I’d like to kill a pod when it stops processing, which is tracked by a prometheus metric
Thank you Erik. I don’t think HPA autoscaler will help, because I don’t want to scale to zero, I just want the pods replaced/restarted. I’ll take a look at flagger, but I’m not sure if I can use it to kill/restart the pod
@Nelson Jeppesen it sounds like it maybe be better describe the problem you’re trying to solve than the technical implementation of a solution
Ok thats a very good point. I have some logstash pods. Between 2 and 20 days, the pod will stop processing logs (writing to elasticsearch). We alert on this and kill the pods manualy. As of yet, we’ve not be able to figure out why this happens as we see no errors
Yes I can see why this would be useful
Let me see what I can find
Thank you very much
So one idea… and you will see where I am going with this
So I presume you have AlertManager hooked up with Prometheus operator
Alert manager can fire webhooks
Now, if your cicd system like Jenkins or codefresh supports webhooks, you can then trigger the job to nuke the pod
Oh interesting; yeah, we’ve got alertmanager hooked up. Thats an interesting proposal. We do have Jenkins setup that could work
Kubernetes keeps applications running while you’re asleep: This is mostly thanks to the “Readiness and Liveness Probes”. If you don’t know about them, read this cool article. This article is about some health check patterns I have seen in…
You can also modify the deployment to include a sidecar healthcheck endpoint
That end point would then query Prometheus
hmmm; I wonder with a sidecar I could bypass prometheus all together. A simple check for rate over 5min or something
is there any disadvantage of killing the pod just every couple of hours / days ? Like the book keeping which logs have already been send? We had a similar issue and we just added
timeout 3600 npm run start as the cmd which would restart the pod every hour
For example, “we have a problem with our application where the services stop responding processing customer orders. The health checks are all okay, but if we look at prometheus we see it is no longer doing anything. If we restart the service, everything is fine. So I want to implement something that restarts our service based on metrics in Prometheus”

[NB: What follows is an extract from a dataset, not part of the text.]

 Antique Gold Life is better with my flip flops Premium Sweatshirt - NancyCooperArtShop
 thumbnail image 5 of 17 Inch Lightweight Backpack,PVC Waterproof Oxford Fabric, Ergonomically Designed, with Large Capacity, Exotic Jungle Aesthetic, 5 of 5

Hey @Erik Osterman (Cloud Posse) here is a slightly biased, coming from the core developer of Victoria Metrics, comparison with Thanos.
“Comparing Thanos to VictoriaMetrics cluster” by Aliaksandr Valialkin https://link.medium.com/ltvYvhvrj2
Thanos and VictoriaMetrics provide long-term storage and global query view for Prometheus. The article compares these solutions
This is great! Thanks for sharing @Steve Boardwell!
IMO this is the downside. Why be in the business of managing EBS disks.
I like the simpler architecture of VictoriaMetrics, but the big appeal for me regarding Thanos was the S3 backend. Basically, “set it and forget it”
yeh S3 for storage is a much lower ops burden and much more straight forward to lifecycle - the last thing i want my ops tooling to do is unduly increase the burden of operations
i’d be interested to see cortex in that comparison
Great points - I hadn’t considered the overhead involved in managing the EBS disks. Cortex looks interesting as well, thanks Chris.